[MPS] Add support for autocast in MPS (#99272)

Fixes https://github.com/pytorch/pytorch/issues/88415 Co-authored-by: Siddharth Kotapati <skotapati@apple.com> Pull Request resolved: https://github.com/pytorch/pytorch/pull/99272 Approved by: https://github.com/malfet
2025-10-20 21:14:14 +08:00 · 2024-08-05 17:02:30 +00:00
parent d532c00c81
commit 6919e8baab
11 changed files with 231 additions and 3 deletions
--- a/test/test_autocast.py
+++ b/test/test_autocast.py
@ -344,6 +344,55 @@ class TestAutocastGPU(TestCase):
            torch._C._set_cached_tensors_enabled(False)


+@unittest.skipIf(not torch.backends.mps.is_available(), "requires mps")
+class TestAutocastMPS(TestCase):
+    def test_cast_cache_is_global(self):
+        class CustomLinear(torch.autograd.Function):
+            @staticmethod
+            def forward(ctx, x, w_t):
+                ctx.save_for_backward(x, w_t)
+                return torch.nn.functional.linear(x, w_t)
+
+            @staticmethod
+            def backward(ctx, grad_output):
+                x, w_t = ctx.saved_tensors
+                with torch.autocast(device_type="mps"):
+                    dL_dX = torch.matmul(grad_output, w_t)

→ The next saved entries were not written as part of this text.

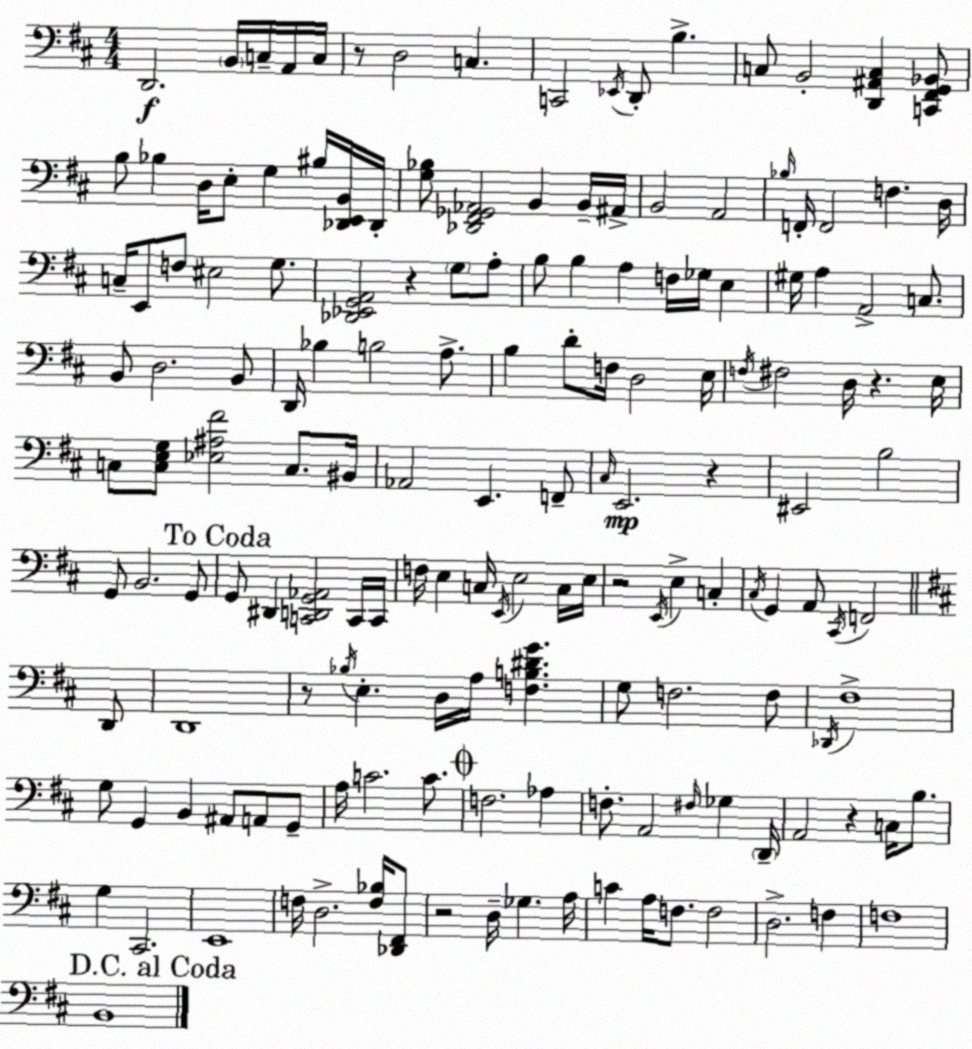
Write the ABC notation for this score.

X:1
T:Untitled
M:4/4
L:1/4
K:D
D,,2 B,,/4 C,/4 A,,/4 C,/4 z/2 D,2 C, C,,2 _E,,/4 D,,/2 B, C,/2 B,,2 [D,,^A,,C,] [C,,^F,,G,,_B,,]/2 B,/2 _B, D,/4 E,/2 G, ^B,/4 [_D,,E,,B,,]/4 _D,,/4 [G,_B,]/2 [_D,,^F,,_G,,_A,,]2 B,, B,,/4 ^A,,/4 B,,2 A,,2 _B,/4 F,,/4 F,,2 F, D,/4 C,/4 E,,/2 F,/2 ^E,2 G,/2 [_D,,_E,,G,,A,,]2 z G,/2 A,/2 B,/2 B, A, F,/4 _G,/4 E, ^G,/4 A, A,,2 C,/2 B,,/2 D,2 B,,/2 D,,/4 _B, B,2 A,/2 B, D/2 F,/4 D,2 E,/4 F,/4 ^F,2 D,/4 z E,/4 C,/2 [C,E,G,]/2 [_E,^A,^F]2 C,/2 ^B,,/4 _A,,2 E,, F,,/2 ^C,/4 E,,2 z ^E,,2 B,2 G,,/2 B,,2 G,,/2 G,,/2 ^D,, [C,,D,,G,,_A,,]2 C,,/4 C,,/4 F,/4 E, C,/4 E,,/4 E,2 C,/4 E,/4 z2 E,,/4 E, C, ^C,/4 G,, A,,/2 ^C,,/4 F,,2 D,,/2 D,,4 z/2 _B,/4 E, D,/4 A,/4 [F,B,^DG] G,/2 F,2 F,/2 _D,,/4 ^F,4 G,/2 G,, B,, ^A,,/2 A,,/2 G,,/2 A,/4 C2 C/2 F,2 _A, F,/2 A,,2 ^F,/4 _G, D,,/4 A,,2 z C,/4 B,/2 G, ^C,,2 E,,4 F,/4 D,2 [F,_B,]/4 [_D,,^F,,]/2 z2 D,/4 _G, A,/4 C A,/4 F,/2 F,2 D,2 F, F,4 B,,4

+                    dL_dW = torch.matmul(x.transpose(0, 1), grad_output).transpose(0, 1)
+                return dL_dX, dL_dW
+
+        data = torch.randn(2, 3).to("mps")

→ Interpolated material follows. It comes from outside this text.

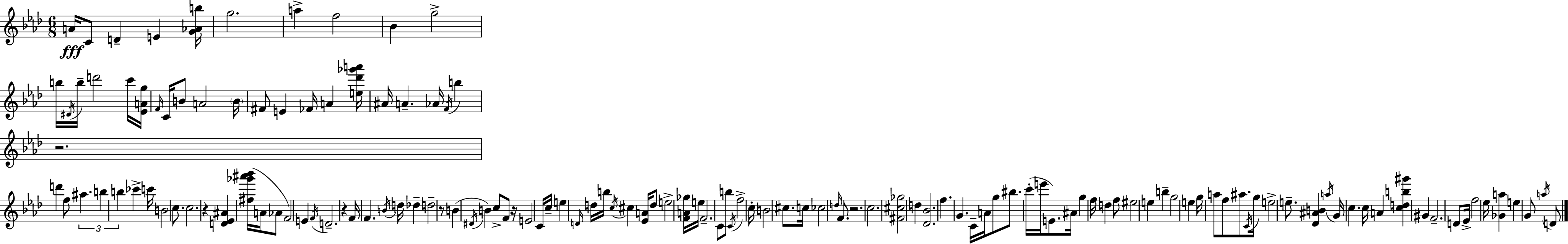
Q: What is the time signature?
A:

+        weight = torch.nn.Parameter(torch.randn(4, 3).to("mps"))
+        weight_dtype_cast_counter = 0
+
+        class WeightDTypeCastCounterMode(TorchDispatchMode):
+            def __torch_dispatch__(self, func, types, args=(), kwargs=None):
+                if (
+                    func is torch.ops.aten._to_copy.default
+                    and args[0] is weight
+                    and kwargs["dtype"] is torch.float16
+                ):
+                    nonlocal weight_dtype_cast_counter
+                    weight_dtype_cast_counter += 1
+                return func(*args, **kwargs)
+
+            def __enter__(self):
+                # self.old_clear_cache = torch.clear_autocast_cache
+                # torch.clear_autocast_cache = lambda: None
+                return super().__enter__()
+
+            def __exit__(self, exc_type, exc_val, exc_tb):
+                # torch.clear_autocast_cache = self.old_clear_cache
+                return super().__exit__(exc_type, exc_val, exc_tb)
+
+        with WeightDTypeCastCounterMode():
+            with torch.autocast(device_type="mps"):
+                output = CustomLinear.apply(data, weight)
+                s = output.sum()
+            s.backward()
+        self.assertEqual(weight_dtype_cast_counter, 2)
+
+
 class TestTorchAutocast(TestCase):
    def test_autocast_fast_dtype(self):
        gpu_fast_dtype = torch.get_autocast_gpu_dtype()